Широко шагает Маркел, версты и версты проходит за долгую ночь. Не болеет, не хворает. Солнце ли, снегопад стеной, дождь проливной осенний – выходит сторож с фонарем, с винтовкой военной, отгоняет ночное зло.

Кто помоложе, те удивляются: а что, собственно, охраняет Маркел? Чего в деревне красть-то? И, главное, кто красть станет? Пуста округа, одни порожние километры. Ни воров нет, ни шаек бандитских. Только старые военные окопы да братские могилы под скромными посеребренными пирамидками. Но подрастают чуть, начинают чуять жизнь по-взрослому и понимают однажды: нужное дело делает Маркел, всем во благо, и смотрят из окон домов на мелькающий в ночи желтый фонарь с двойным чувством благодарности и опаски: благодарности к Маркелу, что встал обороной вокруг деревни, и опаски, – потому что Маркел ночной знает что-то, о чем дневной не расскажет.


Маркел и пришел к Анне вечером на разговор, накануне службы. Бушлат ремнем перепоясан, винтовка за плечом, на голове фуражка без кокарды. Высокий, выше любого в деревне, сухой, пахнущий лаком столярным. И впервые Анна, будто очнувшись, подумала, что не похож Маркел на других деревенских, особая в нем порода, которая будто бы сыну ее, Ивану, ближе, и отцу его мимолетному, о котором она почти ничего не помнила, поскольку пьяна была изрядно и весела.

– Здравствуй, Анна, – сказал Маркел и мнительно поправил фуражку, сдвинул на миллиметр, добиваясь одному ему ведомой и необходимой точности.

– Здравствуй, дядя Маркел. – Анна уже слышала от соседок, что под Ваниным взглядом пошли Маркеловы древние часы, и хотела защитить сына, сказать сторожу, что, мол, пусть будет благодарен, два часовых мастера починять не взялись, а тут ни денег, ни хлопот не нужно, сам собой механизм заработал. Но Маркел еще раз поправил фуражку, приподнял ее чуть и посмотрел на Анну пристально. Анна вздрогнула и ощутила все долго ею от самой себя таимое: что Иван – не ее сын, ибо нет в нем ничего, ни кровинки, от матери, и она это чует. Все в нем от отца, секундного, случайного. А может, и не от одного лишь отца, а от всего рассеянного отцовского племени, от всех его родов и поколений, от всех его ветвей живых, а тем паче мертвых. От праха и пепла сын рожден, от ветра ночного в пустошах. А ей он не родной и родным не будет.

И потому сказала Анна:

– Приболел Ваня. Жар у него. Лихорадка, чудится всякое. Он неделю дома побудет, на печи полежит.

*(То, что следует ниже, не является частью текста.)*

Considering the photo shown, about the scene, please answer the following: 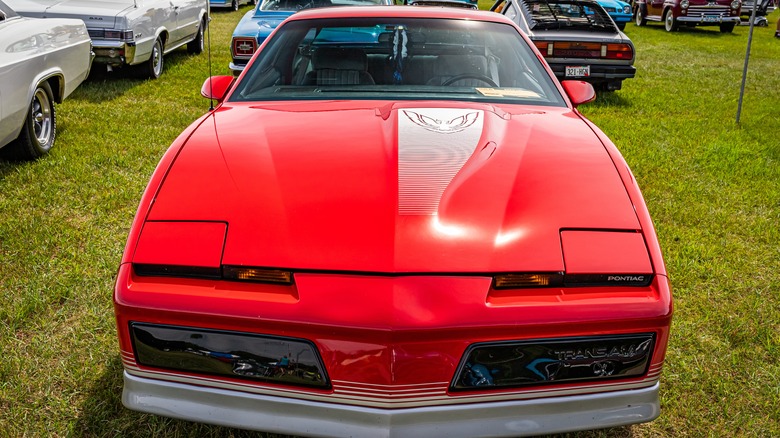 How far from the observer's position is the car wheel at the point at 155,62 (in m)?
8.55

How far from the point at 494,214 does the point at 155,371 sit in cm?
104

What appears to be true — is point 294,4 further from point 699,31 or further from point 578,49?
point 699,31

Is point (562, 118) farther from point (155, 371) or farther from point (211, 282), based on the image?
point (155, 371)

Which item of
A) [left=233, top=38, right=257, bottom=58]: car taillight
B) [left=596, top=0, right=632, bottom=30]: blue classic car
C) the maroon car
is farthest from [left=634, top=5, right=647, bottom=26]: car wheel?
[left=233, top=38, right=257, bottom=58]: car taillight

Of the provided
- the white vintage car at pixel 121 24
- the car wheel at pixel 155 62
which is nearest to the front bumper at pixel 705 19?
the white vintage car at pixel 121 24

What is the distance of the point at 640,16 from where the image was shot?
19.8 meters

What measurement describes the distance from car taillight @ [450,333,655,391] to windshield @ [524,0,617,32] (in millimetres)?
7243

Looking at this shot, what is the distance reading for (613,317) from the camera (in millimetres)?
1882

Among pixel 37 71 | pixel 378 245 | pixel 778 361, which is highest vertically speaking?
pixel 378 245

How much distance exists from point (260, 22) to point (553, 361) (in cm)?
694

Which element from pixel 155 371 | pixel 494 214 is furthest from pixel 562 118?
pixel 155 371

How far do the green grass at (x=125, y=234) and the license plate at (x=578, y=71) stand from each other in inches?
17.3

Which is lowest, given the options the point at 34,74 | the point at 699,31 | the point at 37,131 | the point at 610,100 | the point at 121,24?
the point at 699,31

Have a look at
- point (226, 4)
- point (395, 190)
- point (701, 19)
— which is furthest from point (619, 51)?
point (226, 4) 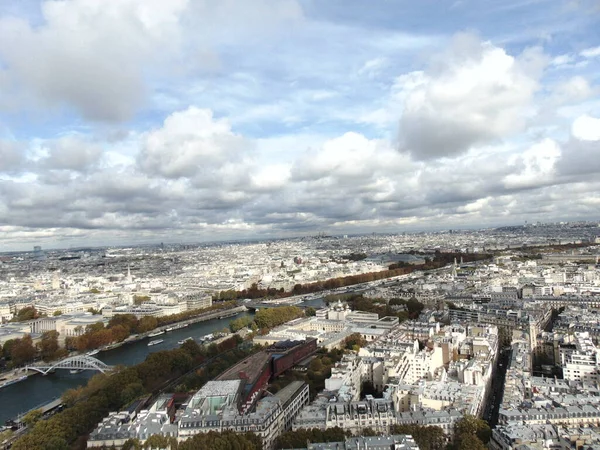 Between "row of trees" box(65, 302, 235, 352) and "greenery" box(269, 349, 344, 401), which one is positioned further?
"row of trees" box(65, 302, 235, 352)

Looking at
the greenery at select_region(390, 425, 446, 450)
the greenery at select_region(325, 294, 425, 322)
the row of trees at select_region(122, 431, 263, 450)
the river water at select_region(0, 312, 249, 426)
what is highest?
the row of trees at select_region(122, 431, 263, 450)

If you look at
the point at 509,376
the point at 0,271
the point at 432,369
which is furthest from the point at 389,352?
the point at 0,271

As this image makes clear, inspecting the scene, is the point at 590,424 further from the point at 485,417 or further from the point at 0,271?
the point at 0,271

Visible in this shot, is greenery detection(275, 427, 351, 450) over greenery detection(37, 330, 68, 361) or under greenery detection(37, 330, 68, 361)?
over

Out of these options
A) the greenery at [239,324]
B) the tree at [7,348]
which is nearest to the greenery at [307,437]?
the greenery at [239,324]

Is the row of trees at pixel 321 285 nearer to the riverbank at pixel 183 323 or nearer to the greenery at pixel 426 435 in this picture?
the riverbank at pixel 183 323

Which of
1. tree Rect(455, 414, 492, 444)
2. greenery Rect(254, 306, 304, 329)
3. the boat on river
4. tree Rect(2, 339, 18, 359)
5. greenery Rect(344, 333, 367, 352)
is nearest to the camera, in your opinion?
tree Rect(455, 414, 492, 444)

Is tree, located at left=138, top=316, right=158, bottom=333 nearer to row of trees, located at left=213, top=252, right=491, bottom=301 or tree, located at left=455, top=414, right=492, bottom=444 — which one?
row of trees, located at left=213, top=252, right=491, bottom=301

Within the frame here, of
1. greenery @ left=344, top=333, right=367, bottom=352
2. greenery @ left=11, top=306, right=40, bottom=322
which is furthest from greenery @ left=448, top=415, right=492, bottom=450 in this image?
greenery @ left=11, top=306, right=40, bottom=322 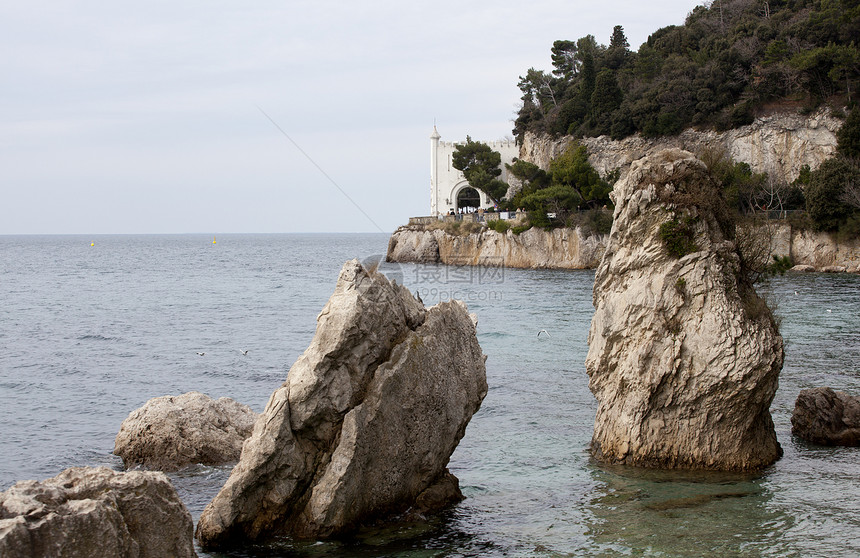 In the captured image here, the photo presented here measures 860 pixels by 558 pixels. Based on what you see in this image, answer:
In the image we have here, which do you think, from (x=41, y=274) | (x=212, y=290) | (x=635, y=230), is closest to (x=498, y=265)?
(x=212, y=290)

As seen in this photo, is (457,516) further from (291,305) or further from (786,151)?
(786,151)

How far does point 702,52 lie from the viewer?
77750mm

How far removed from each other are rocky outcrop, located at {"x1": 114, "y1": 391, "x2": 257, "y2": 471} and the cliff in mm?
47000

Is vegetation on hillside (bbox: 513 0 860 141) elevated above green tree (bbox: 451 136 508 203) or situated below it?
above

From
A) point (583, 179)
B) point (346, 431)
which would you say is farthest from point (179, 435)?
point (583, 179)

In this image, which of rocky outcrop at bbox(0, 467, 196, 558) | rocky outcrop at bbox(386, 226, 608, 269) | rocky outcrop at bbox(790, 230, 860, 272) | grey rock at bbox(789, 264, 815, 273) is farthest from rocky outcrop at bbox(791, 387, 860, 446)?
rocky outcrop at bbox(386, 226, 608, 269)

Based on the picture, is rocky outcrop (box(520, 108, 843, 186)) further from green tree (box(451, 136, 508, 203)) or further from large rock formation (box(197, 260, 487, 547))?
large rock formation (box(197, 260, 487, 547))

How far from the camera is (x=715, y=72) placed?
71.6 meters

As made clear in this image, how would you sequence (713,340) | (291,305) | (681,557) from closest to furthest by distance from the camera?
1. (681,557)
2. (713,340)
3. (291,305)

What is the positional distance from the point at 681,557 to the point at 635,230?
19.3 ft

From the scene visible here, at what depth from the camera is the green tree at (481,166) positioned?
89812 millimetres

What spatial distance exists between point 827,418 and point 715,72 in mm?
64100

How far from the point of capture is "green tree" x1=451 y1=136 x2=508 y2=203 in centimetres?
8981

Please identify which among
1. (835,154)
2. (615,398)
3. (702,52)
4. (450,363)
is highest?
(702,52) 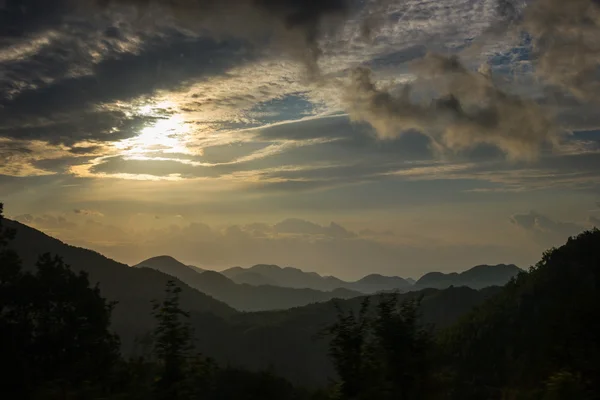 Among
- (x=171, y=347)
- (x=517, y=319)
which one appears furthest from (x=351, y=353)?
(x=517, y=319)

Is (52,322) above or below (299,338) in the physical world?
above

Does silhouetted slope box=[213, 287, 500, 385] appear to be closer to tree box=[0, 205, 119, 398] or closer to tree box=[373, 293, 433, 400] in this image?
tree box=[0, 205, 119, 398]

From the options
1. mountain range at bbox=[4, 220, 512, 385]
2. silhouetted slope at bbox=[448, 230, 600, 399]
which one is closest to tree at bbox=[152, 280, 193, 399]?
silhouetted slope at bbox=[448, 230, 600, 399]

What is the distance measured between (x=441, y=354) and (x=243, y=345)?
15230 centimetres

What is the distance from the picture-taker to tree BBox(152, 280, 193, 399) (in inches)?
593

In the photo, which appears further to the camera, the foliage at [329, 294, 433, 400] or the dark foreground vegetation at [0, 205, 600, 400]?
the foliage at [329, 294, 433, 400]

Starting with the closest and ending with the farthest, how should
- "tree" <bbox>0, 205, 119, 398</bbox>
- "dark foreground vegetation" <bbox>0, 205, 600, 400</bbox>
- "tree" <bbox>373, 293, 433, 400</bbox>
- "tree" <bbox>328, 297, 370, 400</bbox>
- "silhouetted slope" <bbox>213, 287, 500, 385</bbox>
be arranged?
1. "dark foreground vegetation" <bbox>0, 205, 600, 400</bbox>
2. "tree" <bbox>373, 293, 433, 400</bbox>
3. "tree" <bbox>328, 297, 370, 400</bbox>
4. "tree" <bbox>0, 205, 119, 398</bbox>
5. "silhouetted slope" <bbox>213, 287, 500, 385</bbox>

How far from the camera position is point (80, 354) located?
39.4 meters

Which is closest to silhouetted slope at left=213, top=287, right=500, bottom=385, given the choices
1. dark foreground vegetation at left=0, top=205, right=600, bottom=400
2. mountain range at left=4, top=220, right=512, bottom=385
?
mountain range at left=4, top=220, right=512, bottom=385

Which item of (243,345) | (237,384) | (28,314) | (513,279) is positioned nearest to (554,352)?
(237,384)

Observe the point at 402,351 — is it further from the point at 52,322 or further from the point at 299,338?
the point at 299,338

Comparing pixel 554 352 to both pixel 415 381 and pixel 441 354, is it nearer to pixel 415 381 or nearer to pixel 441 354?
pixel 441 354

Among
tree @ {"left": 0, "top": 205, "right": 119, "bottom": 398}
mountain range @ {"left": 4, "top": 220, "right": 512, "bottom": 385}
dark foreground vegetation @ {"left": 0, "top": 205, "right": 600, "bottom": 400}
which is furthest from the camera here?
mountain range @ {"left": 4, "top": 220, "right": 512, "bottom": 385}

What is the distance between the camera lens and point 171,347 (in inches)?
604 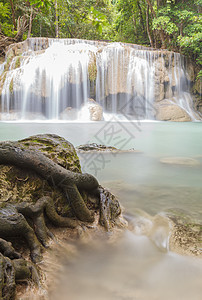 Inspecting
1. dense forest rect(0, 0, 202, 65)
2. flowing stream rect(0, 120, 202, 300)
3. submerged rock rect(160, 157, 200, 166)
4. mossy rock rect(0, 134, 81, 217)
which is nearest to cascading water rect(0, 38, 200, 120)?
dense forest rect(0, 0, 202, 65)

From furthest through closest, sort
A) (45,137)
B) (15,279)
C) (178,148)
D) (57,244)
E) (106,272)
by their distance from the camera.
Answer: (178,148)
(45,137)
(57,244)
(106,272)
(15,279)

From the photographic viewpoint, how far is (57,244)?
1.89m

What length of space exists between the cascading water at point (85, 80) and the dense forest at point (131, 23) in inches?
77.4

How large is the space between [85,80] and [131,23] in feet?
41.1

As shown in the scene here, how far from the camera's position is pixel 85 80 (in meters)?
15.6

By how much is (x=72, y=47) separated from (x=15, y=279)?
1687 cm

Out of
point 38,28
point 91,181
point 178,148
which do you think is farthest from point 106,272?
point 38,28

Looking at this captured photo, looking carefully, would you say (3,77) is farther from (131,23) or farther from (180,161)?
(131,23)

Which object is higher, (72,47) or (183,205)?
(72,47)

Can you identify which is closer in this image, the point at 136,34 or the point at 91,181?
the point at 91,181

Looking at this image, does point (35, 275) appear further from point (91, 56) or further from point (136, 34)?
point (136, 34)

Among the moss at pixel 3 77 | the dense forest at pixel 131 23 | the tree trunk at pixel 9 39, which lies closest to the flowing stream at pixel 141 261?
the dense forest at pixel 131 23

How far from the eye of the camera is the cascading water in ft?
47.6

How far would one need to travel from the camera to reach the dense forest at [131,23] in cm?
1684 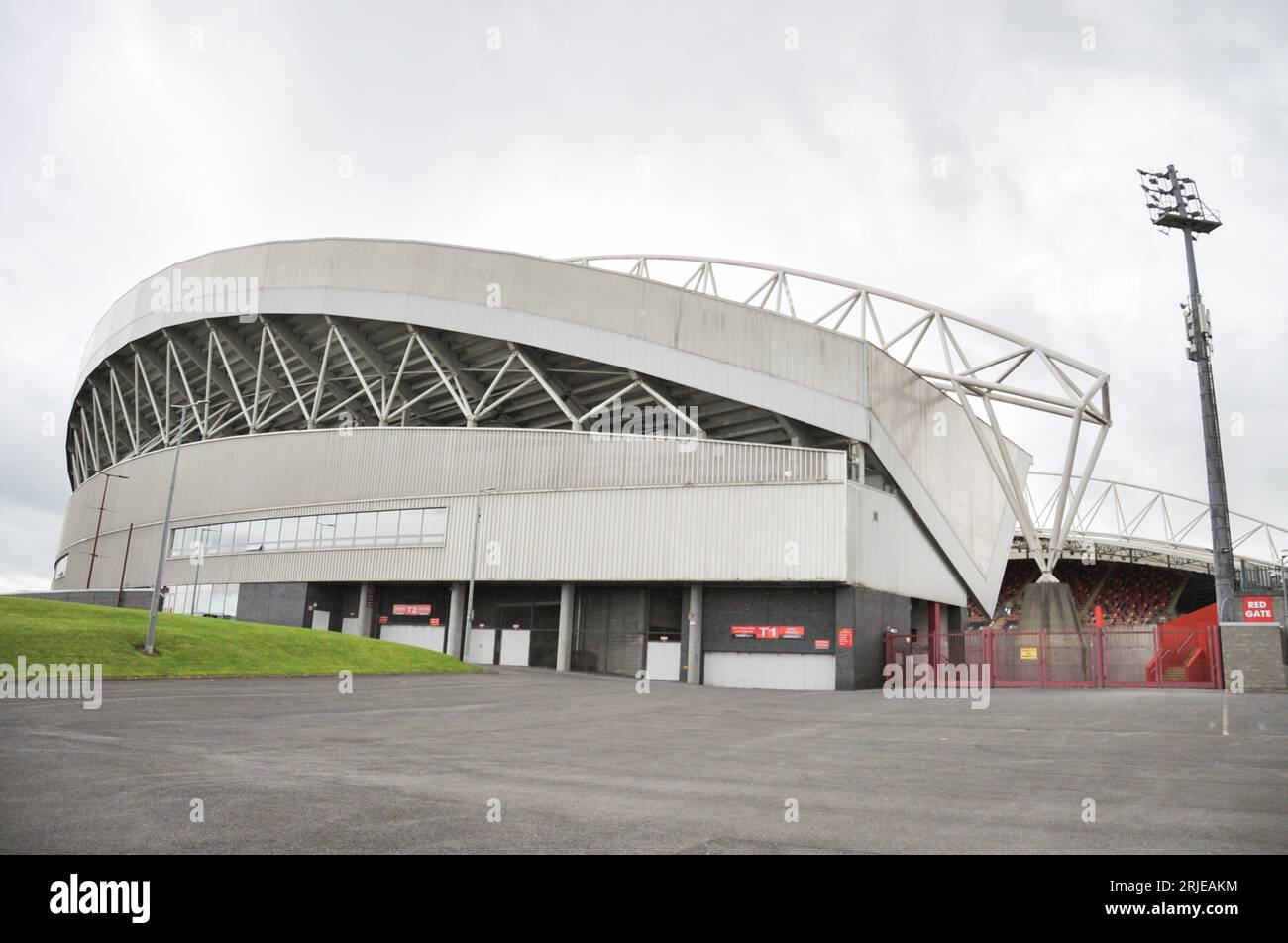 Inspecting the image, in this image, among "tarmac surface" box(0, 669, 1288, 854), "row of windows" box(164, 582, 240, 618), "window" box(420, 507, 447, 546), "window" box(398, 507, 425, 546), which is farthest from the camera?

Пожевал тонкие, бескровные губы Маркел, висок пальцем поразминал и сказал:

– Добро.


С того дня Ваня редко гулял по деревне и в чужие дома не заходил. Был у Анны большой сад, три десятка дряхлых яблонь, подпорками обставленных, проволокой стянутых, – того гляди, разломятся: нутро сгнило, муравьи там живут. Кроны дикие, как грива нечесаная, яблоки мелкие, все в парше. В саду он и обосновался, сарайчик выстроил из рухляди, инструменты где-то в траве нашел. Стал с яблонь щеткой медной гнилую кору счищать, ножовкой ветки ненужные, только соки из ствола тянущие, опиливать. И к концу осени вдруг просветлел, продышался старый сад.

А весной – взорвался цветением. Окутался в одно утро бело-розовым: не кисеей, не туманом, а густыми, непроглядными облаками с ровной, округлой, будто художником выписанной, кромкой.

Неясное, беглое смущение навел расцветший наново сад на сельчан. Словно и живописная прелесть, и возрождение деревьев, и обещание плодов будили вовсе не то, что должны были. Красота – но было в этой красоте что-то тревожное. Слишком душисто, слишком ярко – а за этим будто бы и не живо; будто намекает на что-то.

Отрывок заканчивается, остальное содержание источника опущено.